▶ [What is needed] Print every line of the material below exactly as it stands, but omit the pictures.

▶ [Supplied data]

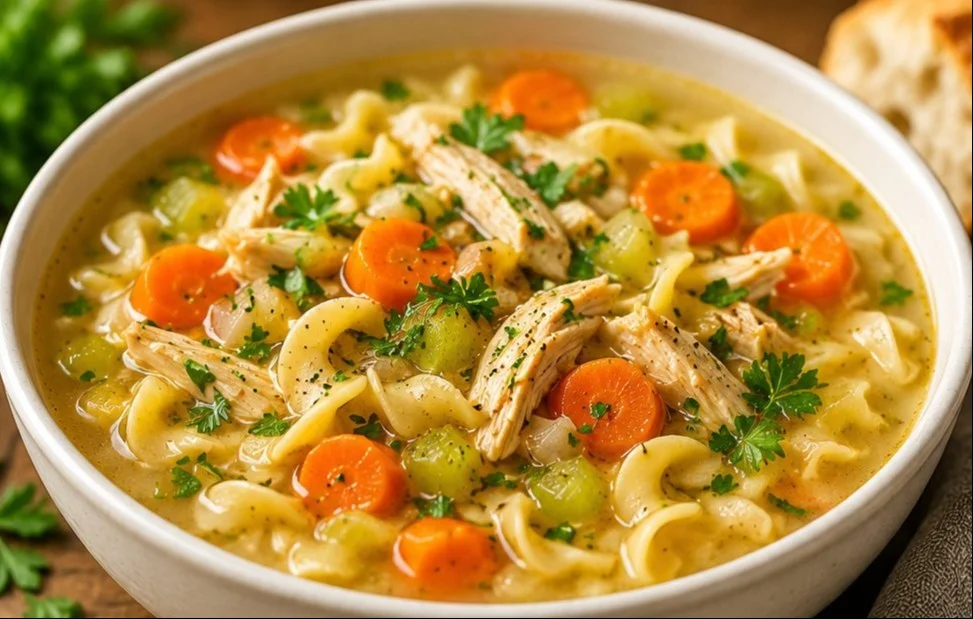 Bowl of homemade chicken soup with vegetables and herbs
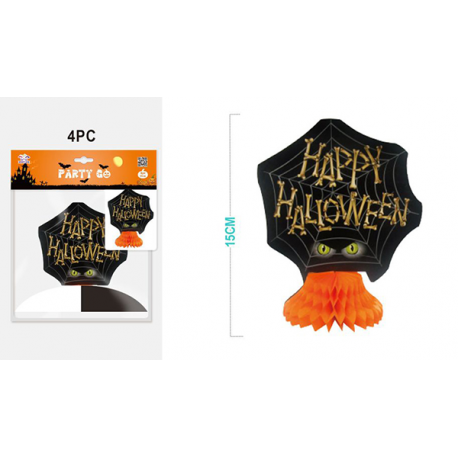 SET CENTROTAVOLA "HAPPY HALLOWEEN" 15 cm - 4 Pezzi (misura piccola)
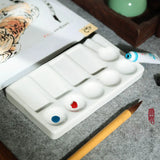 AOOKMIYA  Wavy Rectangle Ceramic Palette Mixed Color Paint Palette Tray Watercolor Gouache Acrylic Painting Art Supplies Chinese Painting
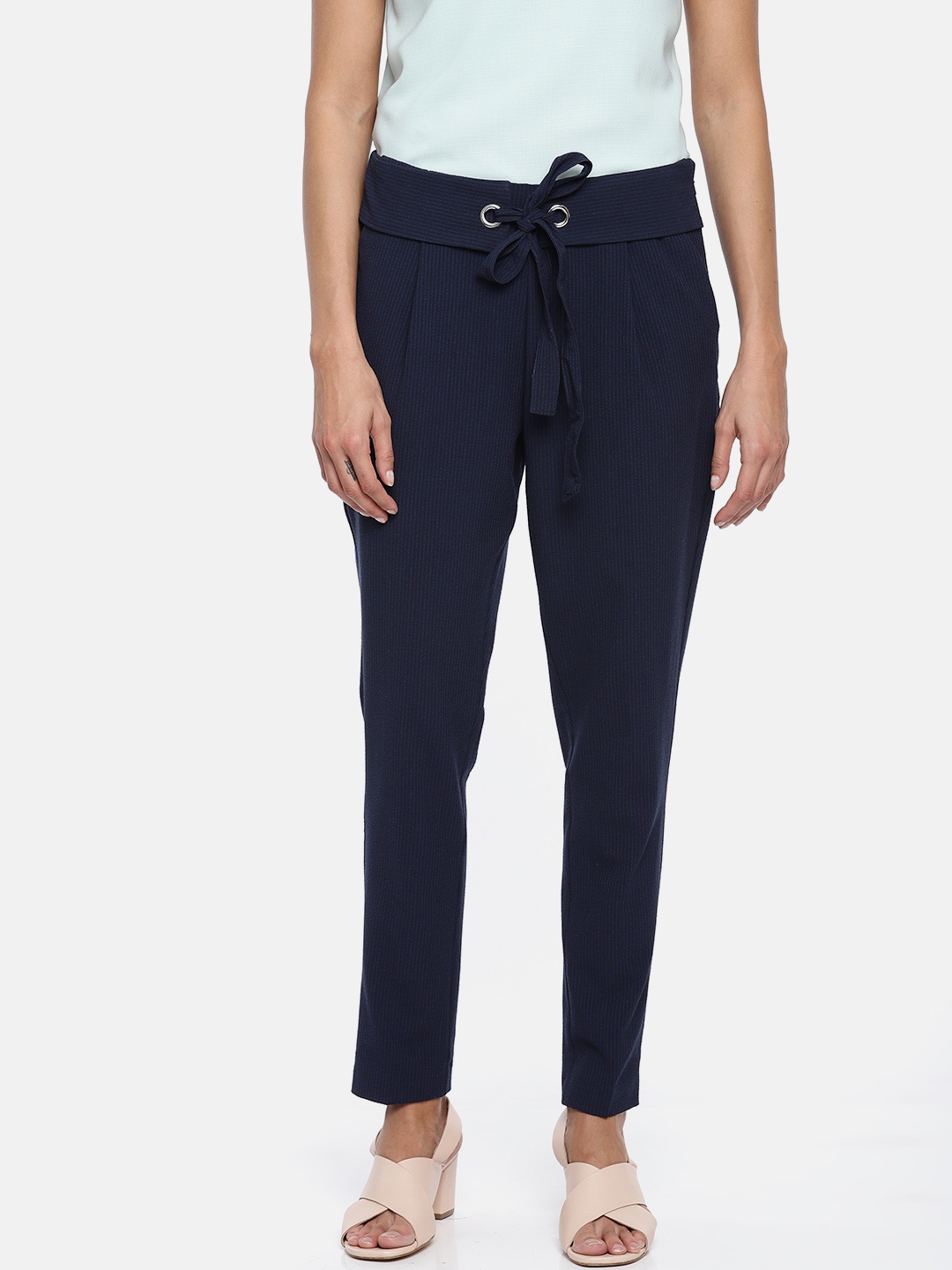 

Allen Solly Woman Women Navy Blue Regular Fit Striped Regular Trousers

▶ [Response to the task]
 Bowl of homemade chicken soup with vegetables and herbs
 SET CENTROTAVOLA "HAPPY HALLOWEEN" 15 cm - 4 Pezzi (misura piccola)
 AOOKMIYA  Wavy Rectangle Ceramic Palette Mixed Color Paint Palette Tray Watercolor Gouache Acrylic Painting Art Supplies Chinese Painting

Allen Solly Woman Women Navy Blue Regular Fit Striped Regular Trousers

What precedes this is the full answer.